**Task prompt:** Only the lines below starting at the one that contains "Tax Sale Surrey, British" and ending at the one that contains "Grommet rubber d=7" are to be reproduced, exactly and with both ends kept.

START Entries provided

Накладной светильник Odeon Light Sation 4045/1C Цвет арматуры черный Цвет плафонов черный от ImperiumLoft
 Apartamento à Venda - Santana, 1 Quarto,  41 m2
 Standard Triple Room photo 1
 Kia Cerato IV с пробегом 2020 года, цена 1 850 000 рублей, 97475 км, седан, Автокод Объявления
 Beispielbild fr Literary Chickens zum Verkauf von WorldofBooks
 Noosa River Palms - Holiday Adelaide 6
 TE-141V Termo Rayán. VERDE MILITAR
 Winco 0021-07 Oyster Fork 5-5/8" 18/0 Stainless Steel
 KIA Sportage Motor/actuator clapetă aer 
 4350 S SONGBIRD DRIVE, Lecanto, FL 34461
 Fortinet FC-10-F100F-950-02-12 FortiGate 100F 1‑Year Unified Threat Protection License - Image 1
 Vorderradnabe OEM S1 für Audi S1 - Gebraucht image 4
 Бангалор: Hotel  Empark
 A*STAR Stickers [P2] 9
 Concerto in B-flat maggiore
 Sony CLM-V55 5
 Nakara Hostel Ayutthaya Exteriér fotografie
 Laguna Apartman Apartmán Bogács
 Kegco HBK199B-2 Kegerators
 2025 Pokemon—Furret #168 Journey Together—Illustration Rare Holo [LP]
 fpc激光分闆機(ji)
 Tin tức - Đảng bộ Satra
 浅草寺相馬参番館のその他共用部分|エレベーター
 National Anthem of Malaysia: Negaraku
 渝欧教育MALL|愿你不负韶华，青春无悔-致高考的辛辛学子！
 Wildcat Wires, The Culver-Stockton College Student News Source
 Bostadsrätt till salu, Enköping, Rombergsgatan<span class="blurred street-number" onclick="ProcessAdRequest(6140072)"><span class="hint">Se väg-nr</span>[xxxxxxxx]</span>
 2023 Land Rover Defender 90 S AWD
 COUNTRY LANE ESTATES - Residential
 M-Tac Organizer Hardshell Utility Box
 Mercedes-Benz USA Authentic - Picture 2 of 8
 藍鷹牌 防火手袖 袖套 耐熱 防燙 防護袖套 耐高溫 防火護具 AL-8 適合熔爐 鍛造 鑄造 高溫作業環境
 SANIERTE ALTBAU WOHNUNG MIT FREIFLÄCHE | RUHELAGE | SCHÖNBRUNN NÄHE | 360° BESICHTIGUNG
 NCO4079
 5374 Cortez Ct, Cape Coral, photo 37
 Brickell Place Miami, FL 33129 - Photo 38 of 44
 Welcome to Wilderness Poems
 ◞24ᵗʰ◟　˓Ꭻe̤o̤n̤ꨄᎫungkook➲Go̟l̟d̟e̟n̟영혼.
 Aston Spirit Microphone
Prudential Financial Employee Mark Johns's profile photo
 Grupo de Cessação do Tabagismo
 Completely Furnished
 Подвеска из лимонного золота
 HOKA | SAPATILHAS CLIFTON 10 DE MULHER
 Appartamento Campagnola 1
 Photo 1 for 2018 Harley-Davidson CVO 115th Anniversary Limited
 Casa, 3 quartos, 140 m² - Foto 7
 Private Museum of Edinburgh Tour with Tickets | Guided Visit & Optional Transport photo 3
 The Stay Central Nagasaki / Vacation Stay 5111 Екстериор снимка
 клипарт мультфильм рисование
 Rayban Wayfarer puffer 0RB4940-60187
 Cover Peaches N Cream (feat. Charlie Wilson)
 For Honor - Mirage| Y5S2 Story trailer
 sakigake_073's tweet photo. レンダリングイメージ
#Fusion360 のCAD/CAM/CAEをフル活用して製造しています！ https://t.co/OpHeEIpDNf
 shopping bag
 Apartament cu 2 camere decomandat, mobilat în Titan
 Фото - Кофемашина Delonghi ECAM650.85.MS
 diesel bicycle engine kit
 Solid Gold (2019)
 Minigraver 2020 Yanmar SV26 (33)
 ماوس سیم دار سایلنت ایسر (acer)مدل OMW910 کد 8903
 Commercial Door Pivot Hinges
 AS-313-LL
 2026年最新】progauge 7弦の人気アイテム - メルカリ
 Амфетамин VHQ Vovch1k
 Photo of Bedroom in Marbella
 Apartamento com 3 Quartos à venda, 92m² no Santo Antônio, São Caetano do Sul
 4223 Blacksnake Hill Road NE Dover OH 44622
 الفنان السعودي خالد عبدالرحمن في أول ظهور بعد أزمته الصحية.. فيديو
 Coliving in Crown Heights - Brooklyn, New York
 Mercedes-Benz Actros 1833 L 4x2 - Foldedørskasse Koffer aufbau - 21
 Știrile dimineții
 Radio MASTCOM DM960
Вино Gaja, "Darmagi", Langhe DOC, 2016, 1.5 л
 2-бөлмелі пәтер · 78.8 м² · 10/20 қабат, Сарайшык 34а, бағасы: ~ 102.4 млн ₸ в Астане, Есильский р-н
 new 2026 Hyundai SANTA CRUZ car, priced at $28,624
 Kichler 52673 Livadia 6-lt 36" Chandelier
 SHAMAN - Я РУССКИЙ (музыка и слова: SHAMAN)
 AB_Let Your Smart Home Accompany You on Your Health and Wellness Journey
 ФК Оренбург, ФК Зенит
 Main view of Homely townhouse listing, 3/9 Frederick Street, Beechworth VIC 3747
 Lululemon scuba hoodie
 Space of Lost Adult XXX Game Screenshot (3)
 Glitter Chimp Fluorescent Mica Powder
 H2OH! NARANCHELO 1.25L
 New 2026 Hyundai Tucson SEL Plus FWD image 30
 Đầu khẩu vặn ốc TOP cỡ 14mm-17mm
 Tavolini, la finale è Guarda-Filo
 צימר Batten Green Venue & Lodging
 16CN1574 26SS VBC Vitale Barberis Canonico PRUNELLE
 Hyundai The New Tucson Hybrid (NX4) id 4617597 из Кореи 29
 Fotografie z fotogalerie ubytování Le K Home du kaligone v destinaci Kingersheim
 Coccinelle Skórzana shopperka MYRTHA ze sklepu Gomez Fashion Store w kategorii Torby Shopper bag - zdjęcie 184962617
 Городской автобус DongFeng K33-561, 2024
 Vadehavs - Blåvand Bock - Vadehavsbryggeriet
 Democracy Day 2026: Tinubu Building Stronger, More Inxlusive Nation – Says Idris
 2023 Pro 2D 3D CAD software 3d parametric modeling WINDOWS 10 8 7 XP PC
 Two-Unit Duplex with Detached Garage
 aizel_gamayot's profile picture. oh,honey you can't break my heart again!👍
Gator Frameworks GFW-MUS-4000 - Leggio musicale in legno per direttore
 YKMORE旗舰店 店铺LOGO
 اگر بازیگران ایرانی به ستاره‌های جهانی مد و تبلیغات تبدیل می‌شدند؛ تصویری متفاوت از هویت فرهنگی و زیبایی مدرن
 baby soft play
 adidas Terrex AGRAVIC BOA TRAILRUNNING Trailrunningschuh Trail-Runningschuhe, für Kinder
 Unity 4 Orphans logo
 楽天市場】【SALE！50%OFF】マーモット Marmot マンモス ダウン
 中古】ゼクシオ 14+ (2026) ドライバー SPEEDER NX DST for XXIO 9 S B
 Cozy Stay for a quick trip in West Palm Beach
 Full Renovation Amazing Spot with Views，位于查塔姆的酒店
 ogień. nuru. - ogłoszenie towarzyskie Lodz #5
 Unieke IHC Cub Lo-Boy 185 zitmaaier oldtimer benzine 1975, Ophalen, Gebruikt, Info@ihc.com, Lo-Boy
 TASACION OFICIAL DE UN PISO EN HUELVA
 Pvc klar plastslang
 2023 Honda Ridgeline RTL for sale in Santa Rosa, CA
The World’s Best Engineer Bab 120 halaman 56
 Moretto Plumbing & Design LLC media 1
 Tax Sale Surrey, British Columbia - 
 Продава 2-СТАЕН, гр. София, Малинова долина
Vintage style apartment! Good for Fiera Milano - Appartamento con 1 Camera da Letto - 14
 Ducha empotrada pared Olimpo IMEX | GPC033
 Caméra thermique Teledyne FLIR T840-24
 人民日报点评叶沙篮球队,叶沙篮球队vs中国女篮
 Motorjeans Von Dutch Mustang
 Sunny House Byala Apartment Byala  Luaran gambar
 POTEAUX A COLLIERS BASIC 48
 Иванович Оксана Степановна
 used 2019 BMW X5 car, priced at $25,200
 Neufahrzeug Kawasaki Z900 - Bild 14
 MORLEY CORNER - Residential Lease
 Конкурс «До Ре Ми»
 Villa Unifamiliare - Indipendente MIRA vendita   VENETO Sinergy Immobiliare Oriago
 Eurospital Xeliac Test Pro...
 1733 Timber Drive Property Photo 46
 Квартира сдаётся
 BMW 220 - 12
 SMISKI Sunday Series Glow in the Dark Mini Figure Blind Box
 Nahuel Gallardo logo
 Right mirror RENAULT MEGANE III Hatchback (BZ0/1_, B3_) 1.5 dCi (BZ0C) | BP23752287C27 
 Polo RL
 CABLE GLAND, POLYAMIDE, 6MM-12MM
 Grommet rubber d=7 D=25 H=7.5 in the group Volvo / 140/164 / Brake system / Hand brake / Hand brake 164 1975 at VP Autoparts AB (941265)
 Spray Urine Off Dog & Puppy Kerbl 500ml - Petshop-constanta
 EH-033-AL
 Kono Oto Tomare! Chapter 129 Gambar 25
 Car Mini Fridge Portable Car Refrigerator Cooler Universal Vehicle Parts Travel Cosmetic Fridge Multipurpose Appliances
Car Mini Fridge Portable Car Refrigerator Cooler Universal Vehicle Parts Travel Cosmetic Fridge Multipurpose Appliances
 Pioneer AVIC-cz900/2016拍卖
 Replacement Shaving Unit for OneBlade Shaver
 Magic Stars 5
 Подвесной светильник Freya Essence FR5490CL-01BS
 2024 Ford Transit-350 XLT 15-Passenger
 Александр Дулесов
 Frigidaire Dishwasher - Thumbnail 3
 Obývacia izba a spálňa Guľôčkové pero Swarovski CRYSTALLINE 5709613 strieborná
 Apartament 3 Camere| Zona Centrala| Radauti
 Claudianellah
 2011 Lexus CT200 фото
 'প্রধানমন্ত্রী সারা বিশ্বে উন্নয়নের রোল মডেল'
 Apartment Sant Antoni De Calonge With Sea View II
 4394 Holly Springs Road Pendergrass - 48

END Entries provided

**Solution to this exercise:**
 Tax Sale Surrey, British Columbia - 
 Продава 2-СТАЕН, гр. София, Малинова долина
Vintage style apartment! Good for Fiera Milano - Appartamento con 1 Camera da Letto - 14
 Ducha empotrada pared Olimpo IMEX | GPC033
 Caméra thermique Teledyne FLIR T840-24
 人民日报点评叶沙篮球队,叶沙篮球队vs中国女篮
 Motorjeans Von Dutch Mustang
 Sunny House Byala Apartment Byala  Luaran gambar
 POTEAUX A COLLIERS BASIC 48
 Иванович Оксана Степановна
 used 2019 BMW X5 car, priced at $25,200
 Neufahrzeug Kawasaki Z900 - Bild 14
 MORLEY CORNER - Residential Lease
 Конкурс «До Ре Ми»
 Villa Unifamiliare - Indipendente MIRA vendita   VENETO Sinergy Immobiliare Oriago
 Eurospital Xeliac Test Pro...
 1733 Timber Drive Property Photo 46
 Квартира сдаётся
 BMW 220 - 12
 SMISKI Sunday Series Glow in the Dark Mini Figure Blind Box
 Nahuel Gallardo logo
 Right mirror RENAULT MEGANE III Hatchback (BZ0/1_, B3_) 1.5 dCi (BZ0C) | BP23752287C27 
 Polo RL
 CABLE GLAND, POLYAMIDE, 6MM-12MM
 Grommet rubber d=7 D=25 H=7.5 in the group Volvo / 140/164 / Brake system / Hand brake / Hand brake 164 1975 at VP Autoparts AB (941265)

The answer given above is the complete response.